Majority Element

Problem Statement

Given an array nums of size n, return the majority element. The majority element is the element that appears more than ⌊n / 2⌋ times. You may assume that the majority element always exists in the array.

Examples

Example 1:

Input: nums = [3,2,3] Output: 3

Example 2:

Input: nums = [2,2,1,1,1,2,2] Output: 2

Approaches

1. Brute Force Approach

The brute force approach involves checking each element to see if it's the majority element by counting its occurrences.

Time Complexity: O(n^2) Space Complexity: O(1)

2. Optimal Approach (Boyer-Moore Voting Algorithm)

The optimal approach uses the Boyer-Moore Voting Algorithm to find the majority element in linear time and constant space.

Time Complexity: O(n) Space Complexity: O(1)

Solutions

Java Solution

// Brute Force Approach
class Solution {
    public int majorityElement(int[] nums) {
        int n = nums.length;
        for (int i = 0; i < n; i++) {
            int count = 0;
            for (int j = 0; j < n; j++) {
                if (nums[j] == nums[i]) {
                    count++;
                }
            }
            if (count > n / 2) {
                return nums[i];
            }
        }
        return -1; // This line will never be reached if a majority element exists
    }
}

// Optimal Approach (Boyer-Moore Voting Algorithm)
class Solution {
    public int majorityElement(int[] nums) {
        int count = 0;
        Integer candidate = null;

        for (int num : nums) {
            if (count == 0) {
                candidate = num;
            }
            count += (num == candidate) ? 1 : -1;
        }

        return candidate;
    }
}

C++ Solution

// Brute Force Approach
class Solution {
public:
    int majorityElement(vector<int>& nums) {
        int n = nums.size();
        for (int i = 0; i < n; i++) {
            int count = 0;
            for (int j = 0; j < n; j++) {
                if (nums[j] == nums[i]) {
                    count++;
                }
            }
            if (count > n / 2) {
                return nums[i];
            }
        }
        return -1; // This line will never be reached if a majority element exists
    }
};

// Optimal Approach (Boyer-Moore Voting Algorithm)
class Solution {
public:
    int majorityElement(vector<int>& nums) {
        int count = 0;
        int candidate = 0;

        for (int num : nums) {
            if (count == 0) {
                candidate = num;
            }
            count += (num == candidate) ? 1 : -1;
        }

        return candidate;
    }
};

Explanation

Brute Force Approach

  1. Iterate through each element in the array.
  2. For each element, count its occurrences in the entire array.
  3. If the count is greater than n/2, return that element as the majority element.

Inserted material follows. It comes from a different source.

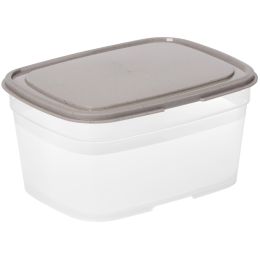 smartstore Frischhaltebox, 0,8 Liter, grau / transparent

This approach is straightforward but inefficient for large arrays due to its O(n^2) time complexity.

Optimal Approach (Boyer-Moore Voting Algorithm)

The Boyer-Moore Voting Algorithm is based on the fact that if a majority element exists, it will remain the majority element in the array even after removing two different elements.

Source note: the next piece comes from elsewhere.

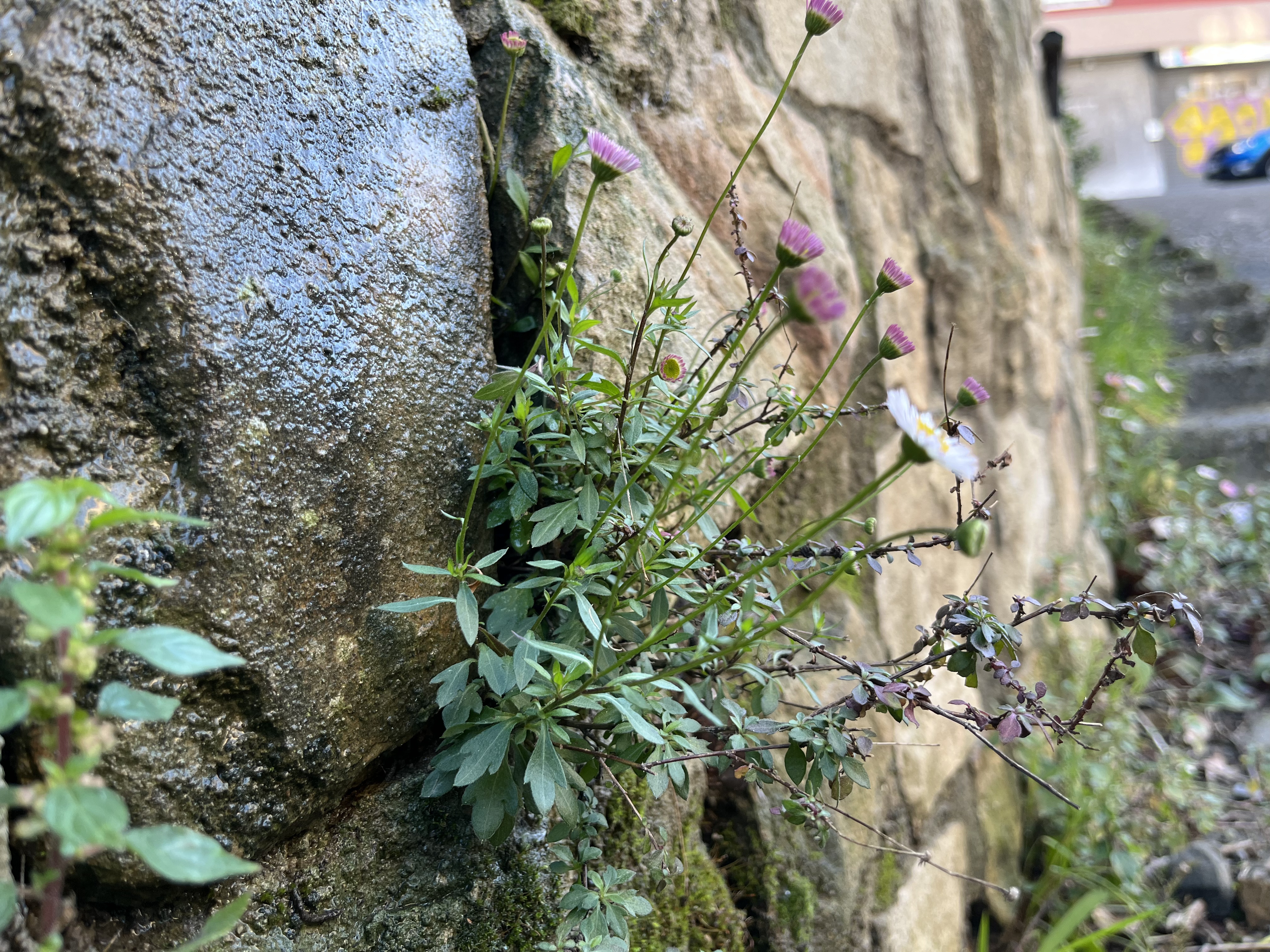 Flora espontánea urbana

  1. Initialize a count variable to 0 and a candidate variable to store the potential majority element.
  2. Iterate through the array:
    • If count is 0, set the current element as the candidate.
    • If the current element is the same as the candidate, increment count; otherwise, decrement count.
  3. The final value of candidate will be the majority element.

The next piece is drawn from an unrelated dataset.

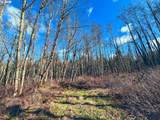  Phelps Mountain Ln - Photo 43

This algorithm works because the majority element appears more than n/2 times, so it will always have a positive count at the end, while all other elements will cancel out.

Test Cases

  1. Input: [2,2,1,1,1,2,2] Output: 2 Explanation: The element 2 appears 4 times, which is more than 7/2 = 3 times.

  2. Input: [3,3,4,2,4,4,2,4,4] Output: 4 Explanation: The element 4 appears 5 times, which is more than 9/2 = 4 times.

These test cases cover scenarios with odd and even array lengths, and different distributions of the majority element.